Tsojconth was designed for six pre-generated characters. This excerpt from the dungeon master's cheat sheet assigns an "unadjusted die roll to hit" as a defensive characteristic to each of those six numbered characters in the upper right hand corner. On the offensive side, every monster had a "hit bonus," and to determine whether or not a monster hits with an attack, one simply adds that hit bonus to a d20 roll and determines if it exceeds the "unadjusted die roll to hit" for the target character. That latter figure was in turn derived by transforming the character's armor class, dexterity bonus, and relevant magic items into an additive defensive statistic. Similarly, the hit bonus aggregates all of the attacker's offensive bonuses into one sum. Thus, in order to hit pre-generated character #2 (Ethelrede the Fighter, with a defensive stat of 23), a Bronze Dragon (with a hit bonus of 9) needed to roll a 14 or higher. A separate sheet included with the tournament module similarly assigns a hit bonus to the characters and defensive totals to monsters. Readers may find this 1976 Gygax optimization eerily similar to third edition Dungeons & Dragons combat, as if he had leapfrogged THAC0 entirely.
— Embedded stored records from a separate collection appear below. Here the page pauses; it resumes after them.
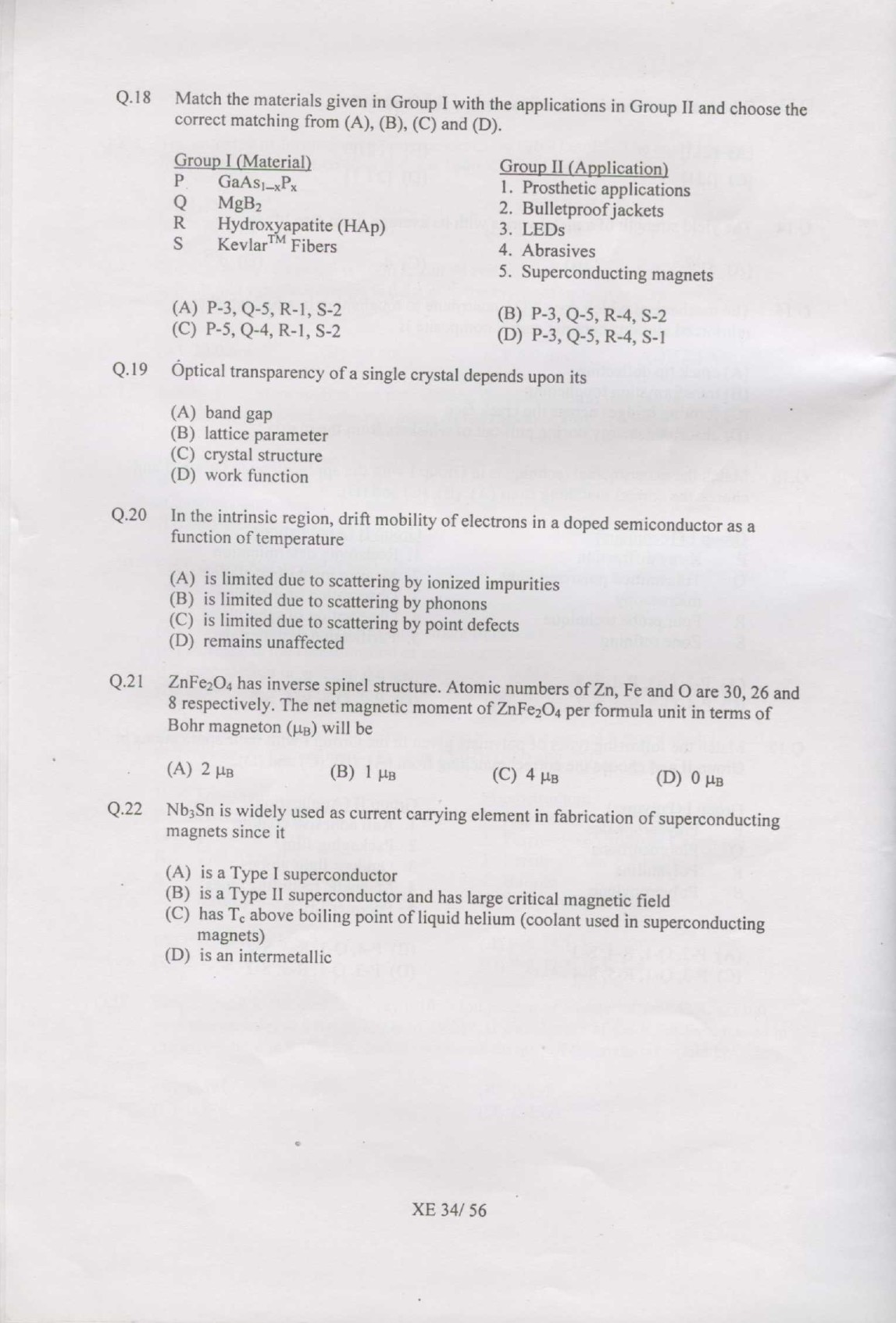 GATE Exam Question Paper 2007 Engineering Sciences 34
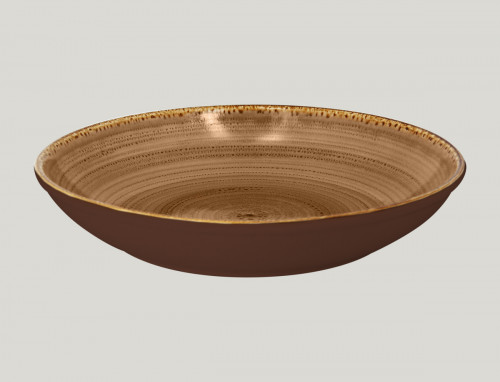 Assiette coupe creuse rond marron porcelaine vitrifiée Ø 36,2 cm Twirl Rak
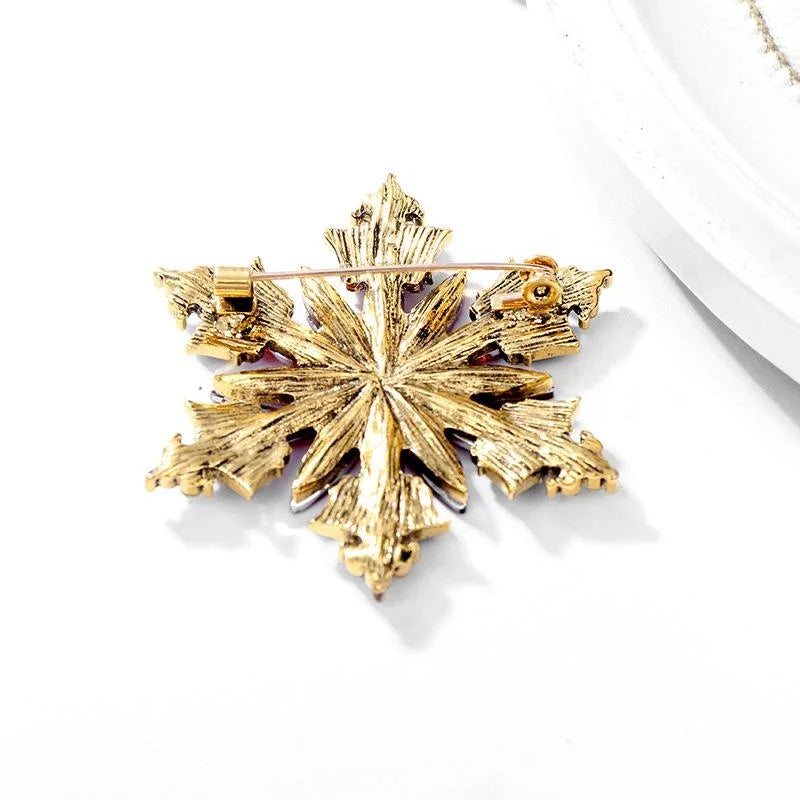 Luxury Christmas Snowflake Poinsettia Alloy Rhinestone Enamel Brooch, Elegant Lapel Pin Corsage Gift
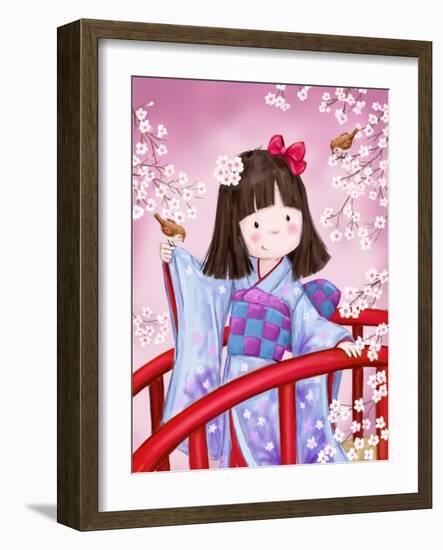 Japanese Girl Bird 2-MAKIKO-Framed Giclee Print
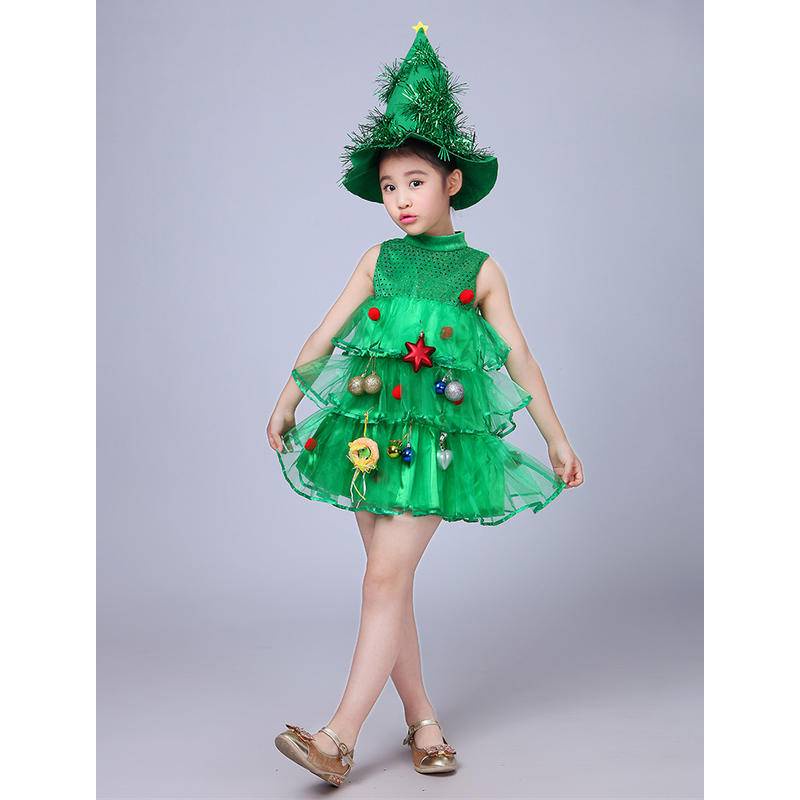 Wgb bộ trang phục hóa trang công chúa cây thông noel cho bé gái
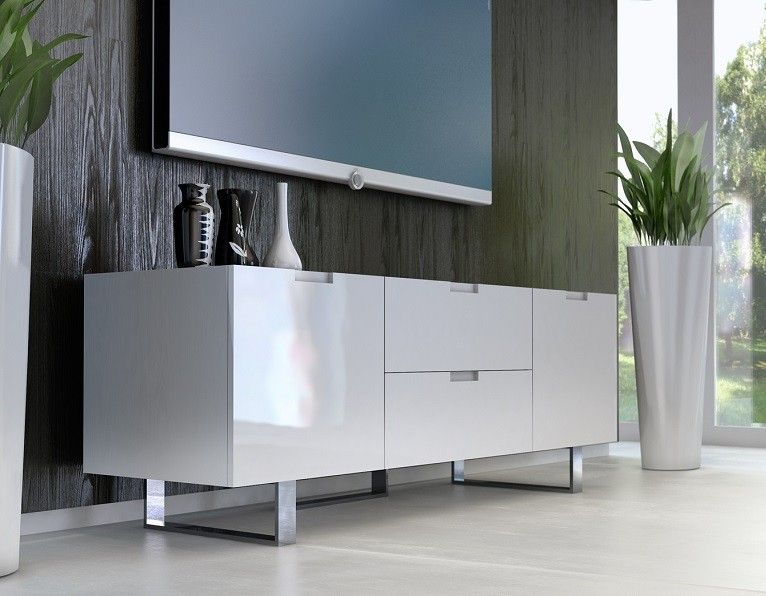 Elba White Lacquer Modern Tv Stands | Contemporary Tv Stands Pertaining To Modern White Lacquer Tv Stands (View 3 of 15)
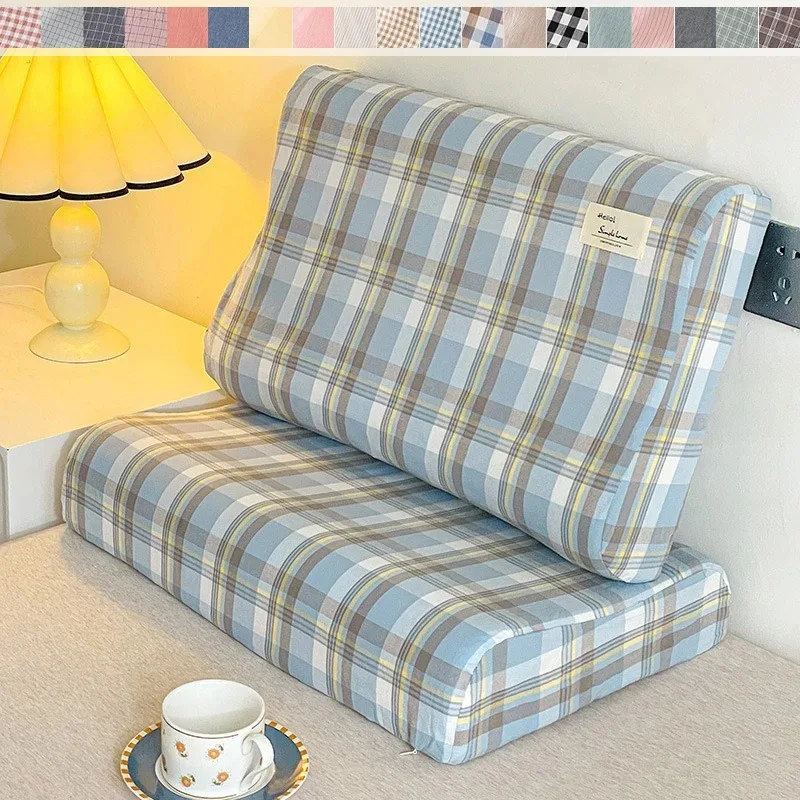 

30x50 Minimalist Plaid Contour Pillow Cover Gingham Checkered Foam Pillowcase Bedroom Bed Backrest Wedge Cushion Cover Decor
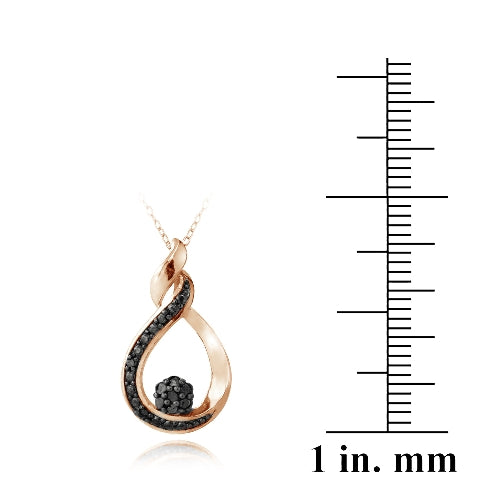 18K Rose Gold over Silver 1/10ct Black Diamond Twisted Teardrop & Flower Necklace-3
But Gygax apparently did not think this optimization belonged in first edition Advanced Dungeons & Dragons. Instead, we find in Appendix E of the Dungeon Masters Guide (1979) a different sort of dungeon master cheat sheet for monster attacks with a column listing values needed "To Hit A.C. 0." This is usually taken as the first real use of the concept of THAC0 in official Dungeons & Dragons material, even if it does not consolidate the acronym. But note that calculating THAC0 for monsters in first edition AD&D is simpler than it is for players, given that monsters do not go up in level. Characters required something more complicated, as THAC0 would depend on weapons and other factors: the closest that character sheets of the era get to recording THAC0 is a rather more complex chart for pre-computed "to hit armor class" ranges of values - one that would still require frequent updates.


Even though Advanced Dungeons & Dragons did not initially embrace THAC0, the fan community kept it alive. In Alarums #60 (July 1980), we can find Scott Turner describing a variant he uses with "no big charts, no messy tables or calculations, just one simple addition: Base to Hit = THAC0 - AC," where he envisions a standard initial THAC0 of 20. Proposals like these kept THAC0 in the public eye, and eventually, TSR elevated THAC0 to a linchpin of the Dungeons & Dragons system... at least until third edition came along, though perhaps even its combat system has its prefigurement in the extraordinary creative energy of the 1970s.

Nowhere is that energy on better display than in the pages of Alarums & Excursions. Incidentally, this year marks the fortieth anniversary of the first publication of Alarums & Excursions. It is nearly impossible to overestimate the number of innovations that debuted in its pages; for example, I have previously discussed the appearance of dice notation in its very first issue. Amazingly, Alarums & Excursions continues to this day, still under the benevolent oversight of Lee Gold.